The results of the July exam released Aug. 23 revealed a pass rate of 49.3 percent, a new low for the summer test.
The 11-member Board of Law Examiners will file, probably early this month, a response to recommended changes suggested by the Arkansas Bar Association in a petition filed with the state Supreme Court. Bridgforth, while serving as a law examiner but before his recent appointment as chairman, chaired the task force that formulated the bar association’s recommendation.
While the wording is still in the works, Bridgforth said the response will agree with the bar’s recommendation that a new section — the “Multistate Practice Test” — be added to the state’s exam. The MPT consists of two 90-minute questions and tests the applicants’ knowledge of practice skills and organizational ability, not just knowledge of legal principals, Bridgforth said.
The additional length of the test created by the addition of the MPT would be offset somewhat by reducing the number of essay questions in the test from 11 to eight. The bar association recommended the same reduction in the number of essay questions. But, unlike the bar association, the Board of Law Examiners will not recommend that the time limit on each essay question be increased from 30 to 45 minutes, Bridgforth said.
The result will be a test that is longer than the current two-day exam and measures skills not currently addressed, he said. Much of the test will continue to be personally written and graded by members of the Board of Law Examiners.

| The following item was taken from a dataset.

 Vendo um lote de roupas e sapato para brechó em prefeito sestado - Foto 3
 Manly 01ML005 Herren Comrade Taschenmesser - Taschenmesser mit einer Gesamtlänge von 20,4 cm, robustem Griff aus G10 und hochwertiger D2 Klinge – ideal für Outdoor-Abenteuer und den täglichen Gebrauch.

Randy Philhours of Paragould, a member of the Board of Law Examiners, said the board will also suggest that the Supreme Court allow bar applicants to take the written portions of the exam on laptop computers using special software that can detect attempts to cheat.
The pass rate on the July exam was only slightly higher than the 48 percent pass rate recorded on the February 2000 exam, continuing a three-year downward trend.
The pass rate on the winter test has traditionally been significantly lower than on the summer exam, a phenomenon generally attributed to the fact that more of the law students who take the winter exam have already failed it at least once before. A previous failure is a strong predictor of continued failure on the test.
But in the July test, only 57.7 percent of 182 first-time test-takers passed, compared with 78 percent in July 1999 and 62.5 percent in February.
“This is the first exam where that potential explanation is not available,” said Chris Thomas, secretary to the Board of Law Examiners.
Neither Thomas, Bridgforth, Philhours nor fellow law examiner Judge Wiley Branton Jr. of Little Rock would offer any opinion on the downward trend in the pass rate.
But Bridgforth pointed out that “even with the pass rate of the last two years, Arkansas is still consistent with national pass rates,” which have been in the high 60s.
“One maybe could argue that our pass rate has been too high [in earlier years],” Branton said.
As for suggestions that the proposed changes are an attempt to “dumb down” the bar exam in order to raise pass rates, Branton said, “They certainly can’t accuse us of that on the last bar exam. I think there’s probably more criticism that we are too tough.
“It’s not an issue of trying to dumb down the test. It is an issue of trying to be fair and come up with an appropriate measure to determine who is fit and competent to practice law as opposed to who is not.”